What happens in Live Text

When you open an image containing text which Live Text could recognise, macOS doesn’t try to recognise any text at first, but appears to segment that image into areas which it thinks contain recognisable text.

The feature is triggered when the pointer is passed over an area suspected to contain text. This initiates the process of text recognition and changes the pointer to an I-beam. First, VisionKit determines whether the device supports analysis. If it does, it then begins a request for an Image Analyzer Process, and parsing of that image area by mediaanalysisd.

Like Visual Look Up, analysis is performed using neural networks. Where available (currently only Apple M1 series chips), this is performed on the Apple Neural Engine (ANE), otherwise it’s run on the CPU, and managed by Espresso, which is responsible for this Machine Learning support.

After a few runs of neural networks, mediaanalysisd creates a Composite Language Model of the text, capable of handling multiple languages.
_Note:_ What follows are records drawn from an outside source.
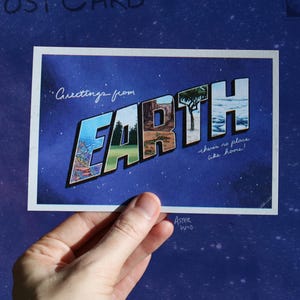 Saudações da Terra Cartão Postal - Mini Impressão Artística
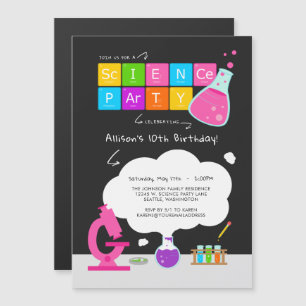 Girly Science Party Magnetisk Inbjudningskort
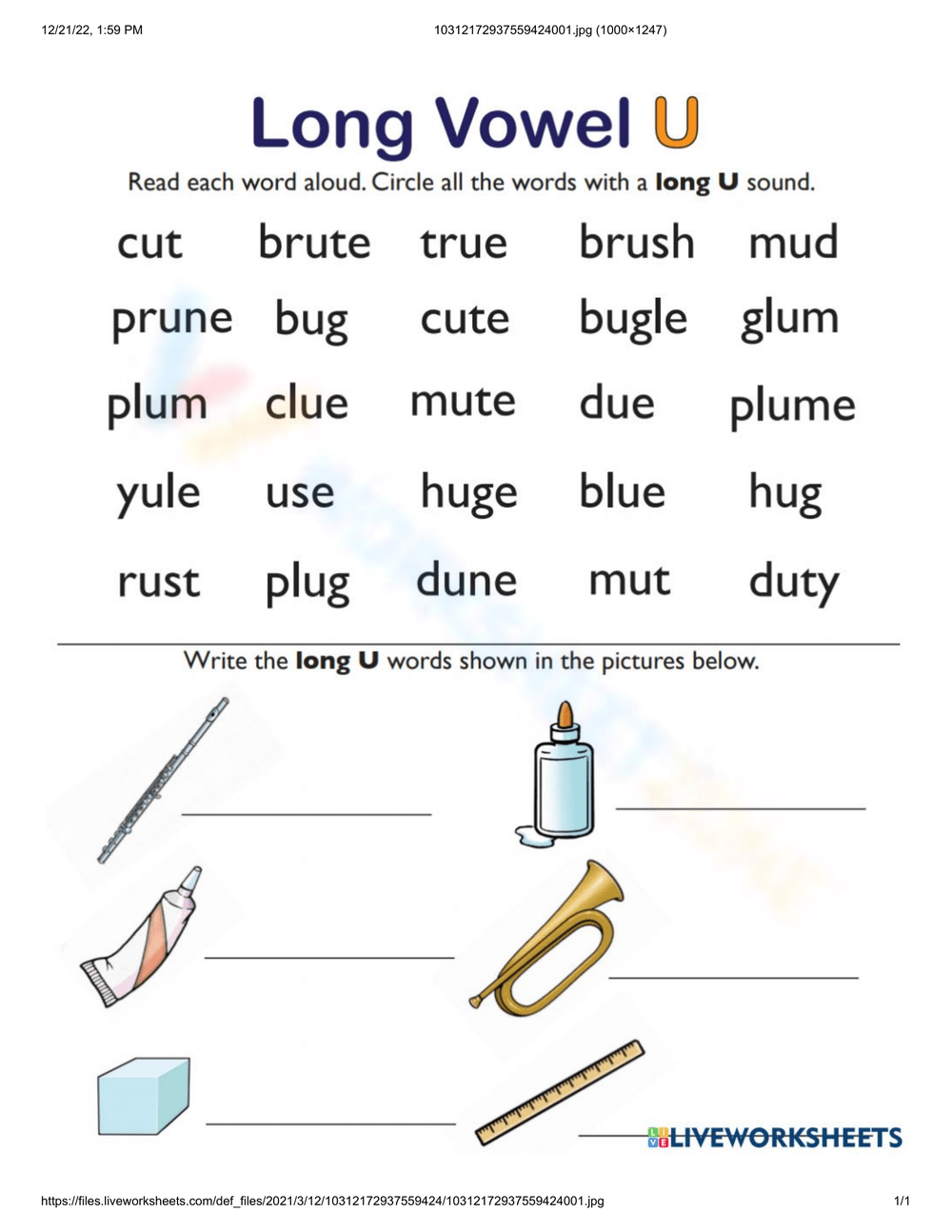 Printable Long U Worksheets Printable Long U Worksheets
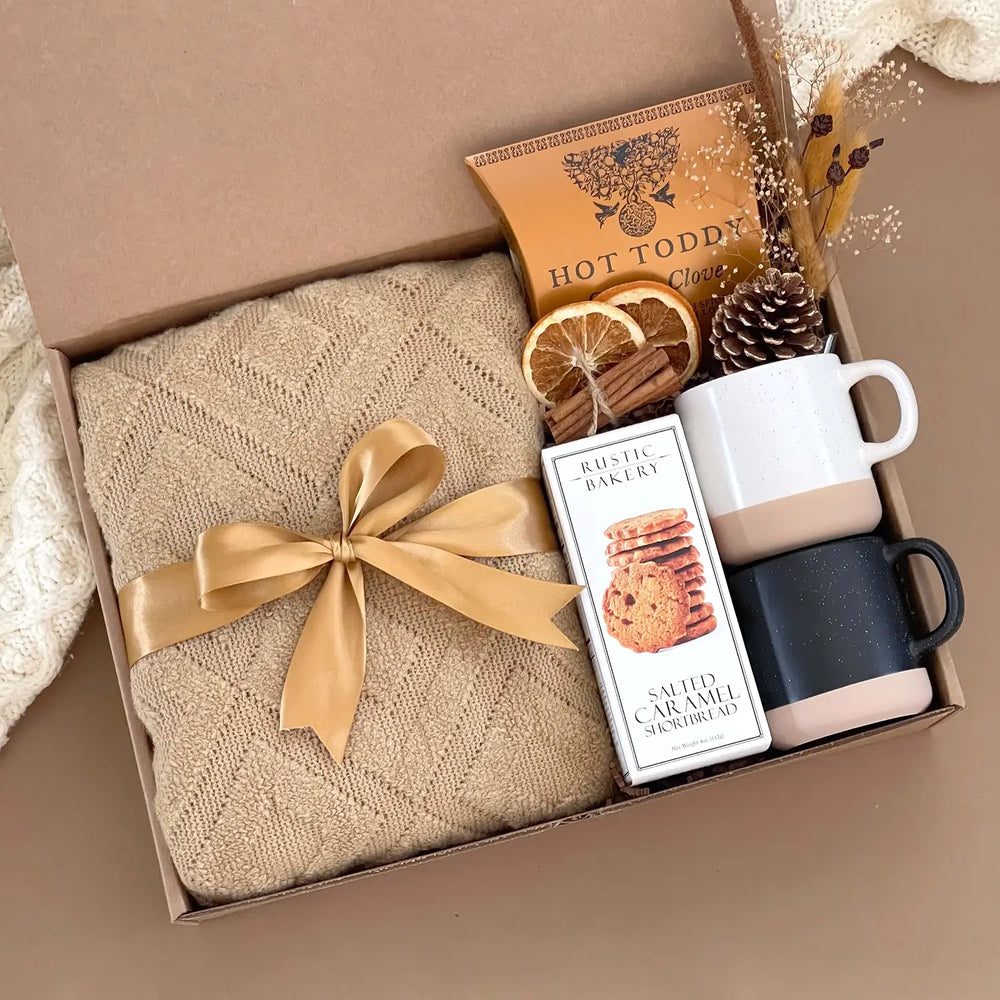 Gift Basket for Couples | Gift Set with Two Mugs, Hot Toddy Mix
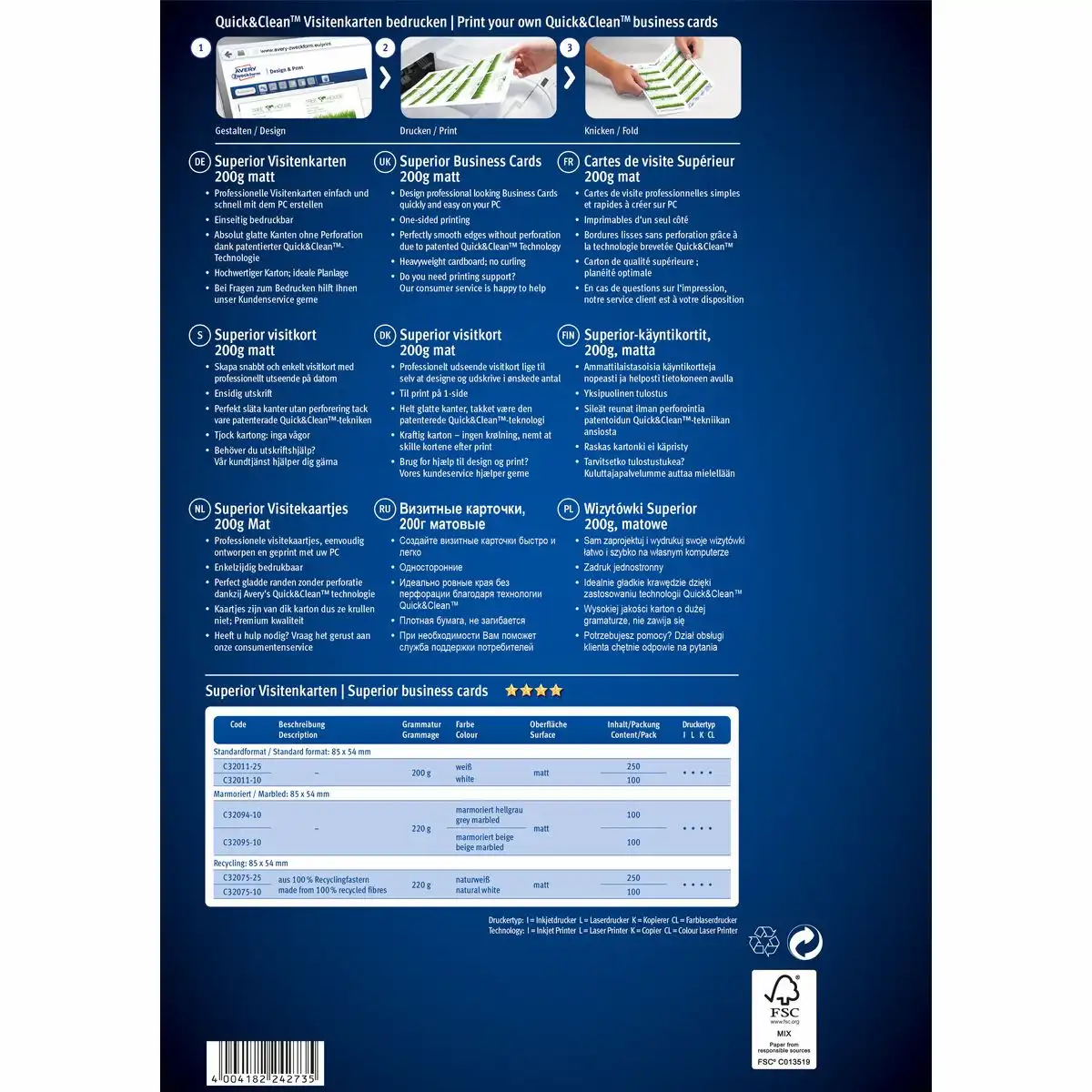 AVERY Zweckform Visitenkarten Superior 200g/m² matt weiß 85x54mm 250 Stück-3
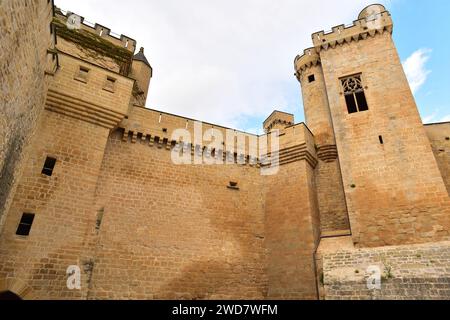 Olite oder Erriberri, Palacio de los Reyes de Navarra. Navarra, Spanien. Stockfoto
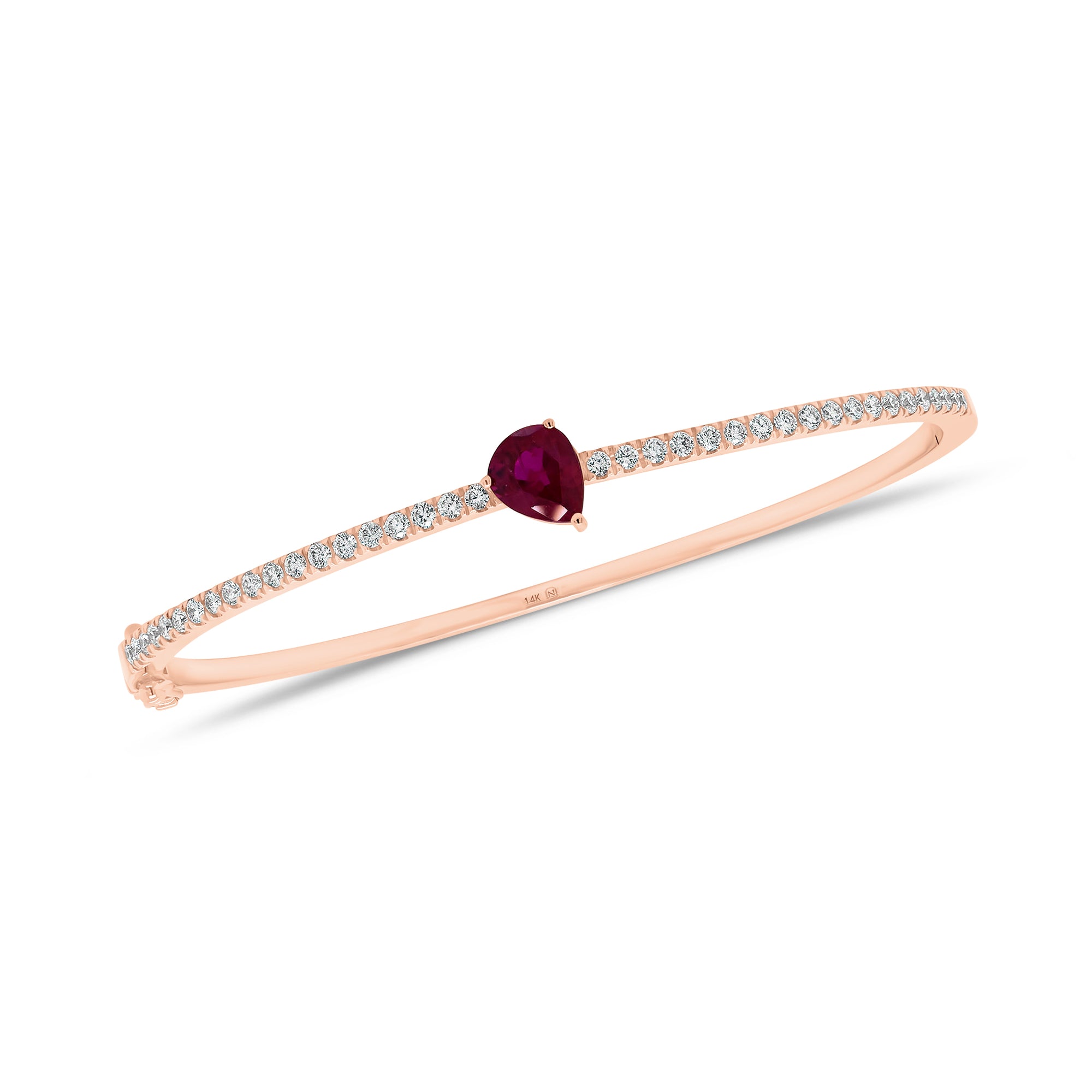 Pear-Shaped Ruby & Diamond Bangle Bracelet - 14K gold weighing 9.09 grams  - 38 round diamonds weighing 0.54 carats  - 1.04 ct ruby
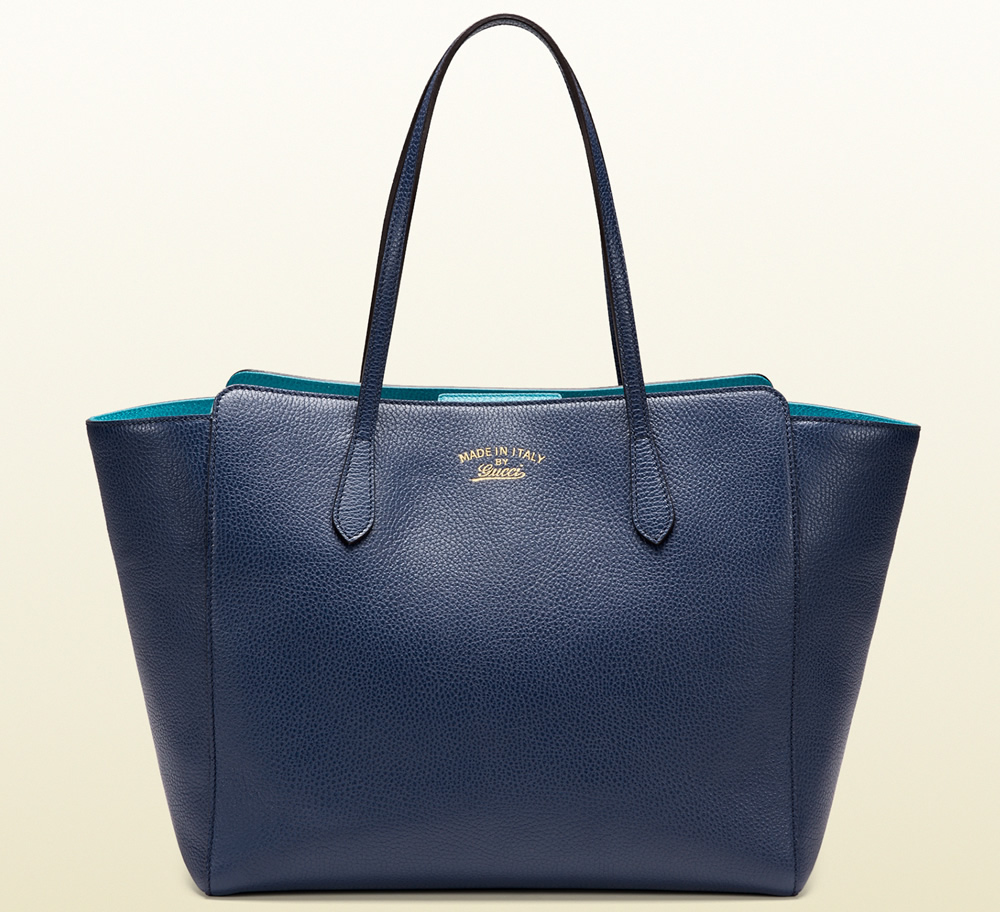 Gucci Swing Leather Tote Blue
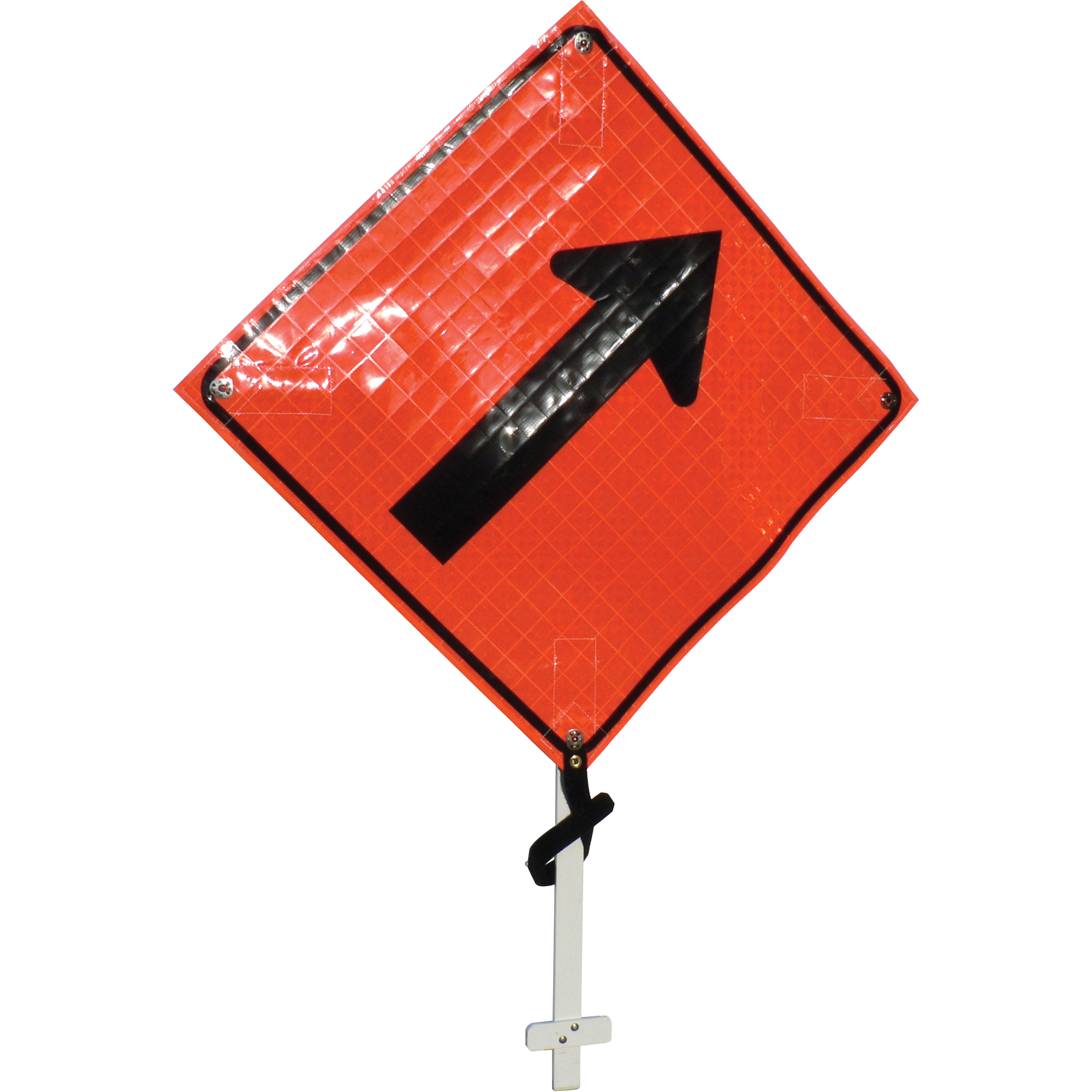 Enseigne sur poteau flèche oblique vers la droite, 24" x 24", Vinyle, Pictogramme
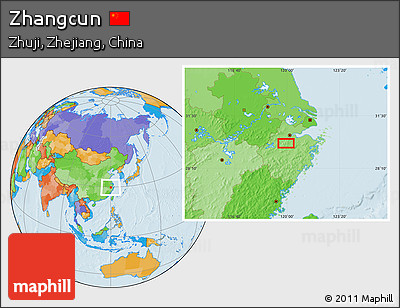 Political Location Map of Zhangcun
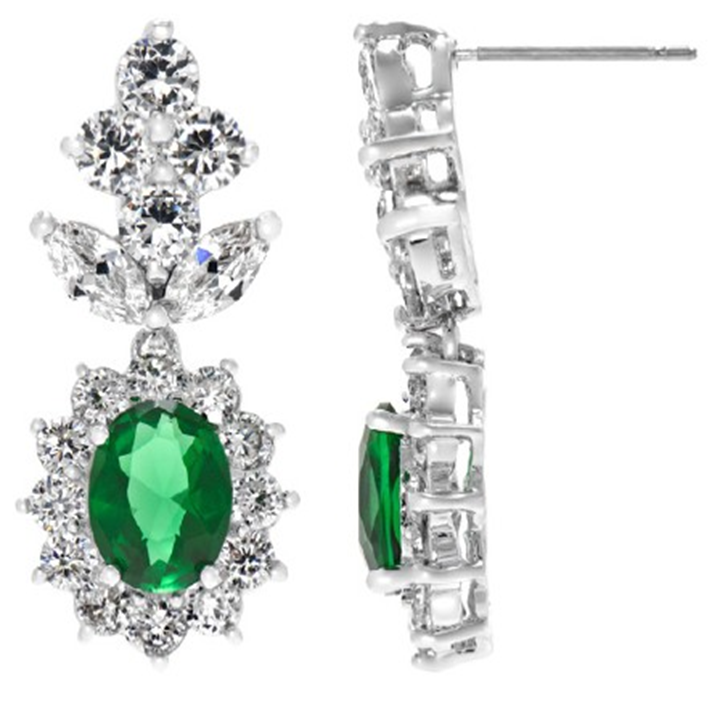 Oval Halo center drop Zirconite Post Earrings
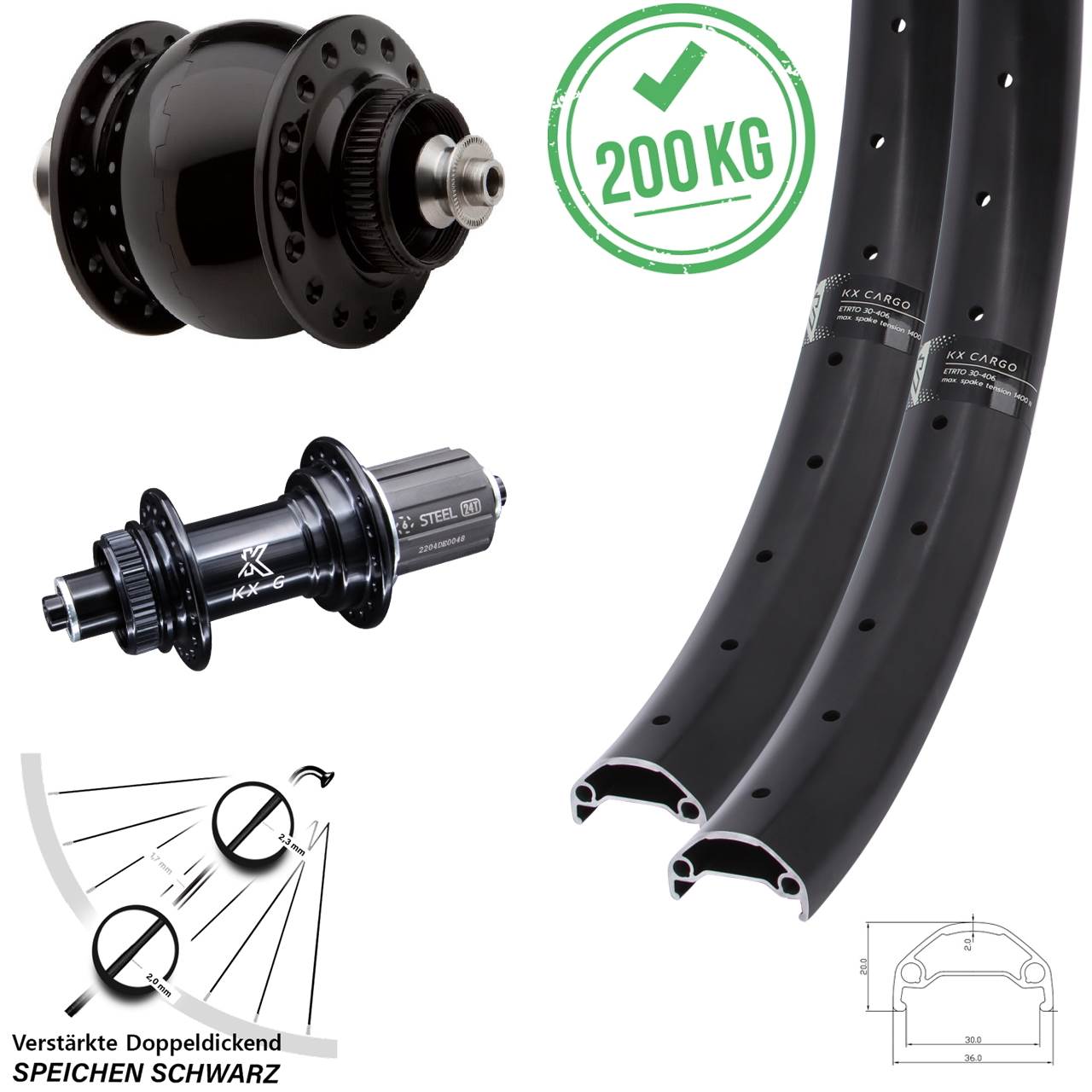KX-GS Cargo verstärkt SON 28 20 Zoll Disc Laufrad-Satz für Schnellspanner 8-12 fach HG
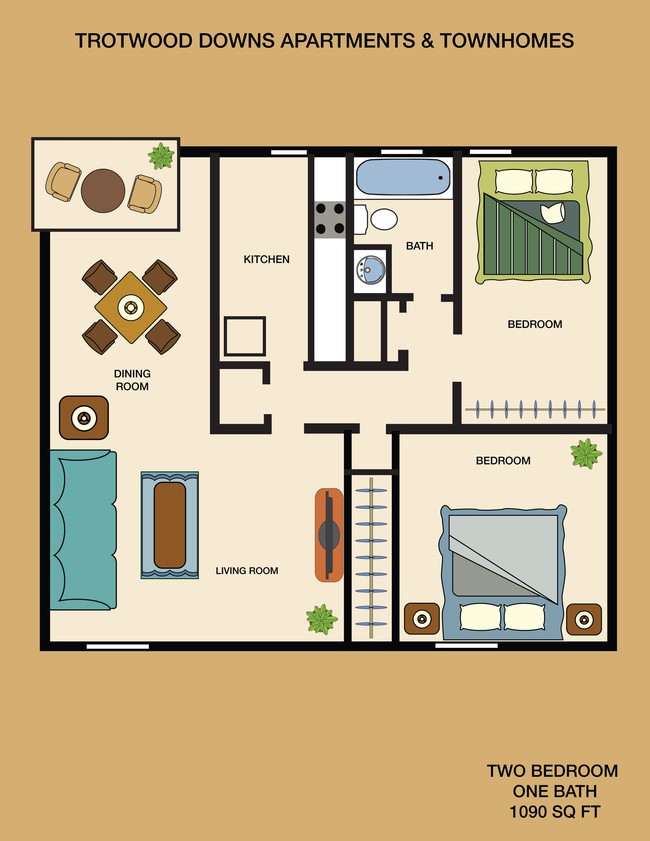 2BR/1BA - Trotwood Downs and Brittany Townhomes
The underlying language(s) are recognised using linguistic data within macOS. This is apparently performed for each block of text recognised in the image, until the Document Recognition task is completed.

With the recognised text parsed ready for the user to select, Vision Kit declares the media analysis complete, and writes the time taken to the log. For readily recognised English, this is typically around 400-800 ms. The image analysis is declared complete, and the recognised text is then available for the user to select.

When you have selected some of the text recognised in the image, you can then copy it, or Control-click on selected text to access other services such as translation and Look Up. Live Text works with short snippets such as phone numbers, and with whole windows. When recognising Latin/Roman characters, it also works with projected and vertical arrangements of characters. On a good day it can even extract text which you may find difficult to decipher.

Live Text is an excellent example of a simple but powerful tool which relies on the machine learning features built into macOS, and is accelerated when used on M1 Macs with their ANE hardware.